During assembly emission the pattern will perform another lane flip to 
translate from GCCs' numbering to the architectural lane number.

To do this a few of the patterns were renamed to *_internal and given an 
expander that will perform that first lane flip while the existing 
expanders get a lane flip added to them.

The tests for these patterns will come soon in a separate patch.

With this patch, when the user uses something like vqdmlal_laneq_s16 (a, 
b, c, 0) from arm_neon.h in big endian the resulting instruction will 
access lane 0 of c now, whereas before it would access lane 7.
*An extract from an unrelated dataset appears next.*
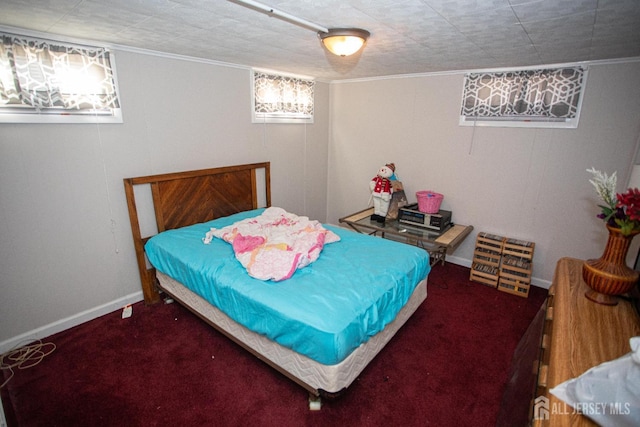 carpeted bedroom with baseboards and ornamental molding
Tested and bootstrapped aarch64-none-linux-gnu and aarch64_be-none-elf.

Ok for trunk?

Thanks,
Kyrill

2014-06-10  Kyrylo Tkachov  <kyrylo.tkachov@arm.com>

     * config/aarch64/aarch64-simd.md (aarch64_sqdmulh_lane<mode>):
     New expander.
     (aarch64_sqrdmulh_lane<mode>): Likewise.
     (aarch64_sq<r>dmulh_lane<mode>): Rename to...
     (aarch64_sq<r>dmulh_lane<mode>_interna): ...this.
     (aarch64_sqdmulh_laneq<mode>): New expander.
     (aarch64_sqrdmulh_laneq<mode>): Likewise.
     (aarch64_sq<r>dmulh_laneq<mode>): Rename to...
     (aarch64_sq<r>dmulh_laneq<mode>_internal): ...this.
     (aarch64_sqdmulh_lane<mode>): New expander.
     (aarch64_sqrdmulh_lane<mode>): Likewise.
     (aarch64_sq<r>dmulh_lane<mode>): Rename to...
     (aarch64_sq<r>dmulh_lane<mode>_internal): ...this.
     (aarch64_sqdmlal_lane<mode>): Add lane flip for big-endian.
     (aarch64_sqdmlal_laneq<mode>): Likewise.
     (aarch64_sqdmlsl_lane<mode>): Likewise.
     (aarch64_sqdmlsl_laneq<mode>): Likewise.
     (aarch64_sqdmlal2_lane<mode>): Likewise.
     (aarch64_sqdmlal2_laneq<mode>): Likewise.
     (aarch64_sqdmlsl2_lane<mode>): Likewise.
     (aarch64_sqdmlsl2_laneq<mode>): Likewise.
     (aarch64_sqdmull_lane<mode>): Likewise.
     (aarch64_sqdmull_laneq<mode>): Likewise.
     (aarch64_sqdmull2_lane<mode>): Likewise.
     (aarch64_sqdmull2_laneq<mode>): Likewise.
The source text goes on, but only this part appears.